Back before almost everything we could ever want was shipped to us by trucks, boats and planes, people used to live off of what they could obtain locally. While this meant there weren’t certain foods during certain times of the year, a consumer could be fairly sure of where their food came from. As the global economy took off, food became something of a traveling salesman coming into town from somewhere over the horizon and working its way into the stores. Now you can go to the store and buy strawberries, for instance, at almost any time of the year, and, while this is wonderfully convenient, it sometimes makes it difficult to know where your food is coming from.

 

In an attempt to increase the production and consumption of local foods provided by Chattanooga area farms, the Benwood Foundation launched, what they call, a food system reform effort. They have also developed a local food brand and are working with communities to make fresh produce available to urban area families that wouldn’t have access to it otherwise.

Funded by grants, coordination efforts and public awareness, the Gaining Ground movement has managed to help farmers get their products to local markets, to fund a farmers co-op and to develop a local food guide.
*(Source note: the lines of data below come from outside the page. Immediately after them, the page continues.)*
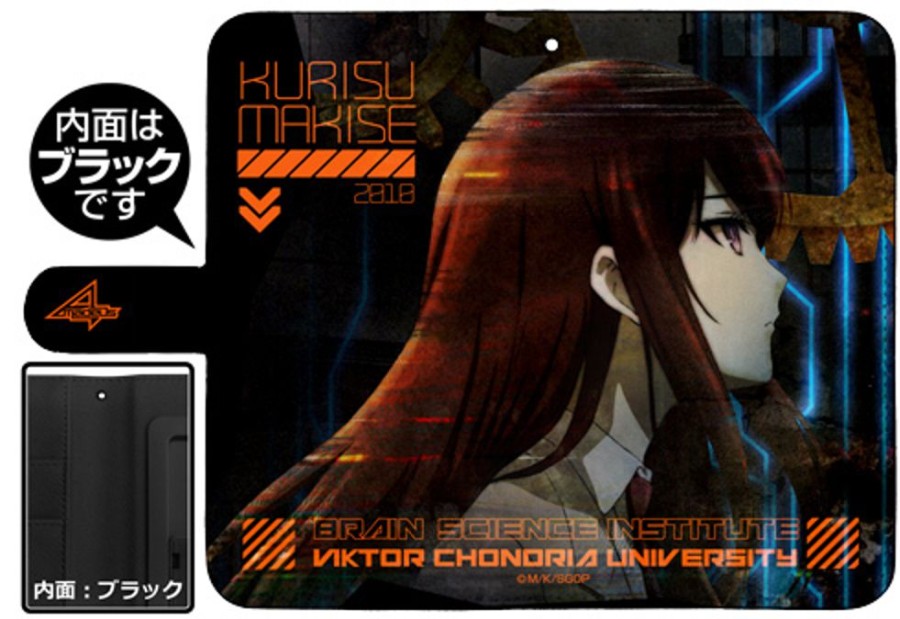 Lifestyle Goods Cospa | Makise Kurisu Book Type Smartphone Case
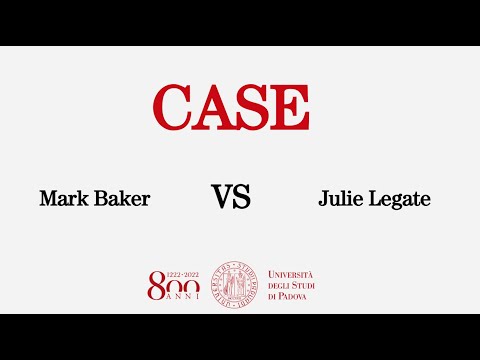 21/01/21 Mark baker and Julie Legate deal with the notion of Case. Moderator: Joseph Bayer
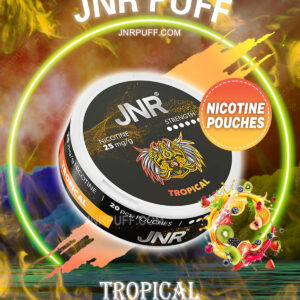 JNR NICOTINE POUCHES Tropical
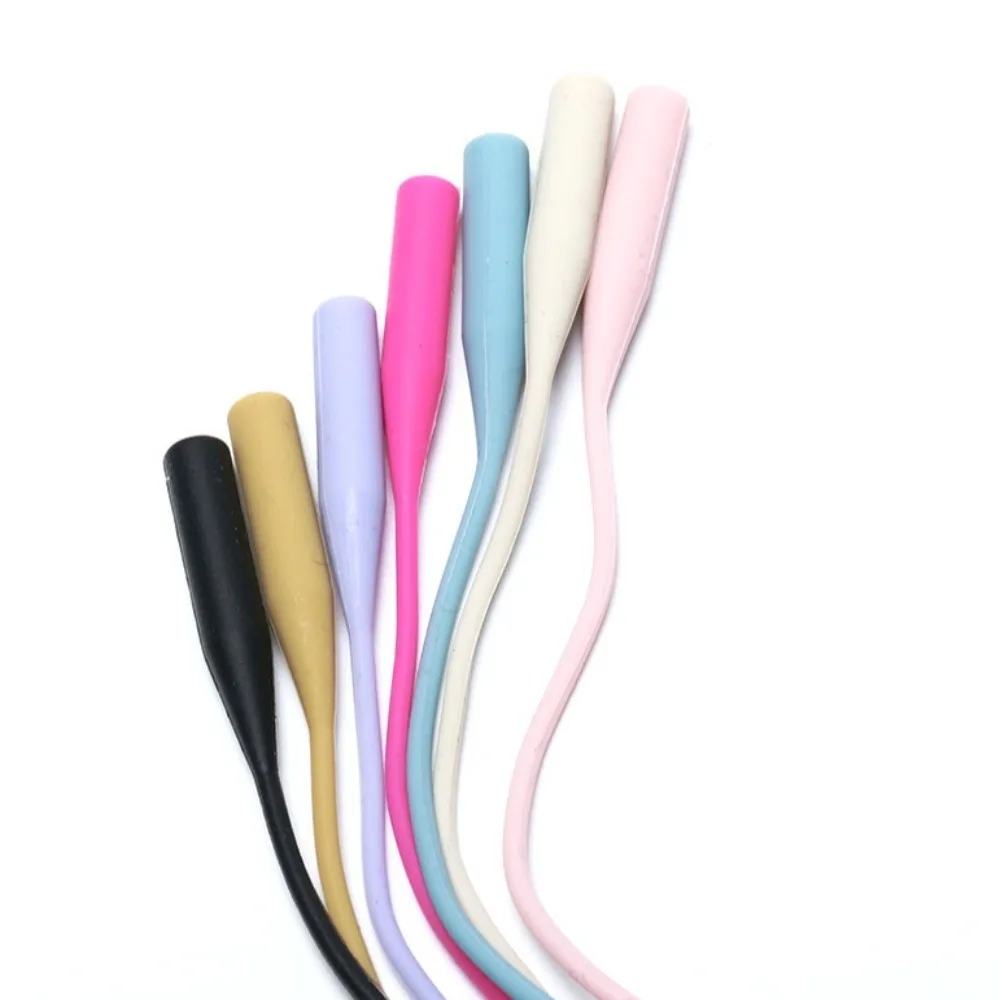 Silicone Makeup Tweezers Bracelet Protective Soft Grafting Eyelash Wrist Strap 7 Colors Elastic Tweezers Wristband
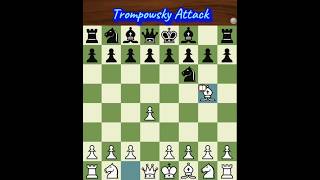 Trompowsky Attack chess chessopeningtraps [upl. by Egief]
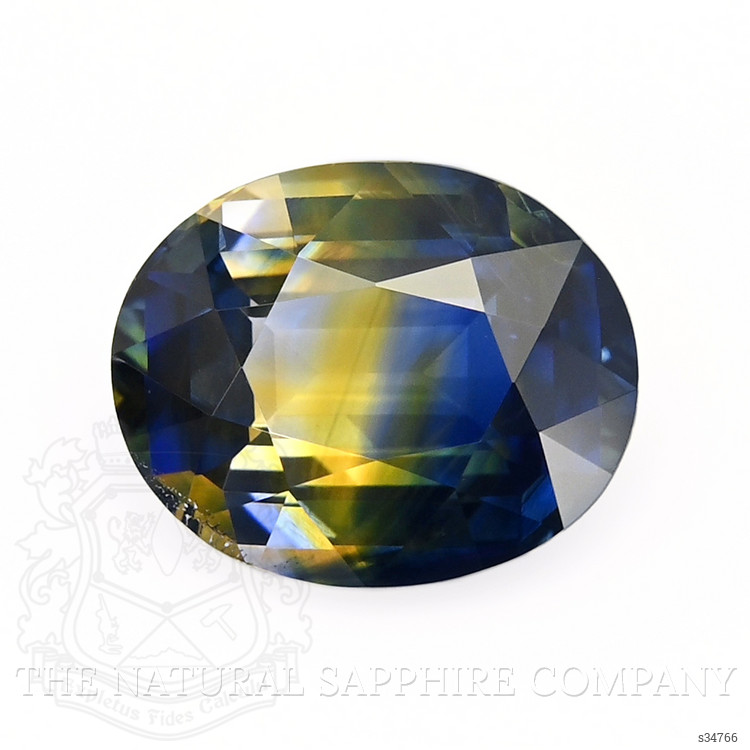 2.71 Ct. Bi Color Sapphire from Madagascar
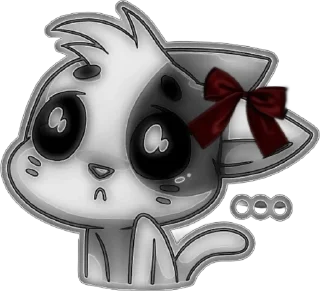 🎀 emoji spongecake_@felisiii Telegram sticker 5 of 17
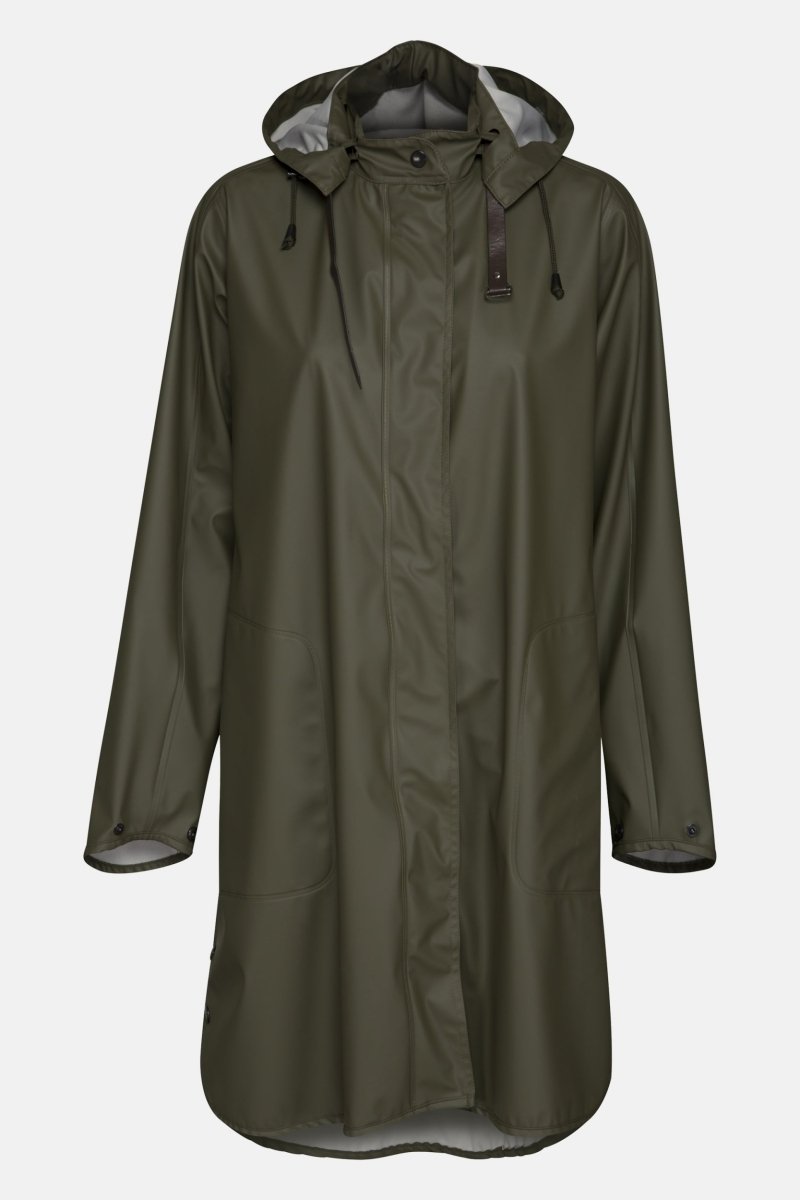 Light Raincoat Woman ILSE JACOBSEN ARMY 34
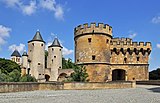 Metz: Porte des Allemands (Frankrijk)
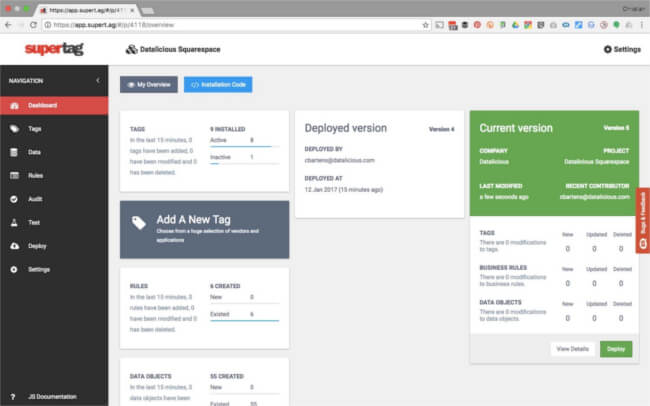 Mopinion: 13 najlepszych narzędzi do zarządzania tagami — SuperTag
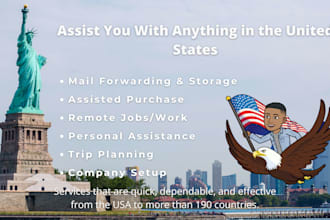 help you with anything related to the united states
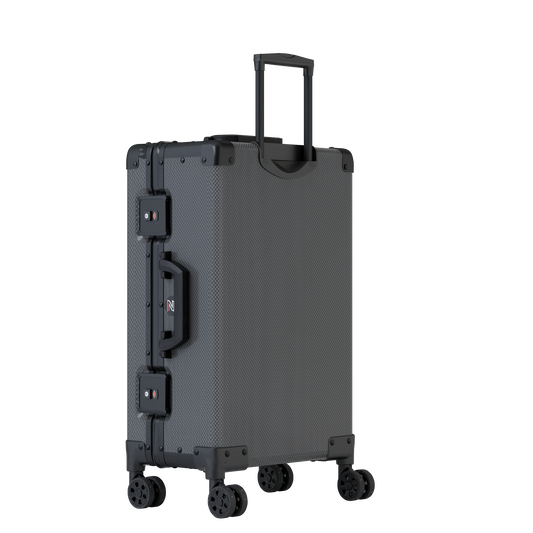 Slab Case Titanium 4 (Carry-on for all airlines)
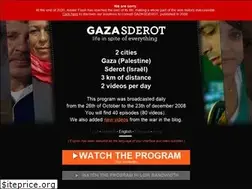 Sites similar to gaza-sderot.arte.tv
“We have 60 farms listed in our local food guide, and easily 100 more that aren’t listed in the guide, but are working through local distributors,” Program Director Jeff Pfitzer said. “There are about 1,500 farms in a 100 mile radius of us, so we have just begun to develop the market.”

This food guide is a project that the Gaining Ground movement plans to launch in the near future. It will serve as an online food guide for the area connecting farmers directly to chefs, and providing a map of the stores providing local produce in downtown Chattanooga.

“We’re in the process of opening the food guide, which should be populated by farmers within the next couple weeks,” Pfitzer said. “One of the interesting things we’ve found while talking to distributors is that a lot of traditional, locally grown produce is being distributed in the area, but isn’t being recognized as such.”

In an effort to promote awareness Gaining Ground has established a local food brand called Harvested Here. Any farm selling their goods within the 100 mile radius of Chattanooga can use this brand to promote their products whether they’re selling them through distributors or in the farmers markets.

Gaining Ground is also working to help areas called Food Deserts, urban neighborhoods with families unable to obtain, or to afford, fresh produce. The movement is currently working to help allow local farms to accept Food Nutrition Service Supplemental Nutrition Assistance Program or SNAP benefits for the purchase of their products.

“A large amount of Hamilton County deaths are directly linked to bad nutrition and eating poorly,” Pfitzer said. “We are working to promote healthy eating, and to increase availability to these areas. We are currently working to help develop community gardens through the area where people can grow their own produce, and we are working on a mobile farmers market that contains mostly fresh fruit and vegetables and drives routes through these areas. This way we can bring nutrition to them.”

The Benwood Foundation was founded in 1944 by George Thomas Hunter and has contributed to various organizations in the Cumberland region and beyond. They provide a balance of supporting and educating people on the necessity of conservation, while incentivizing the economic growth of the region.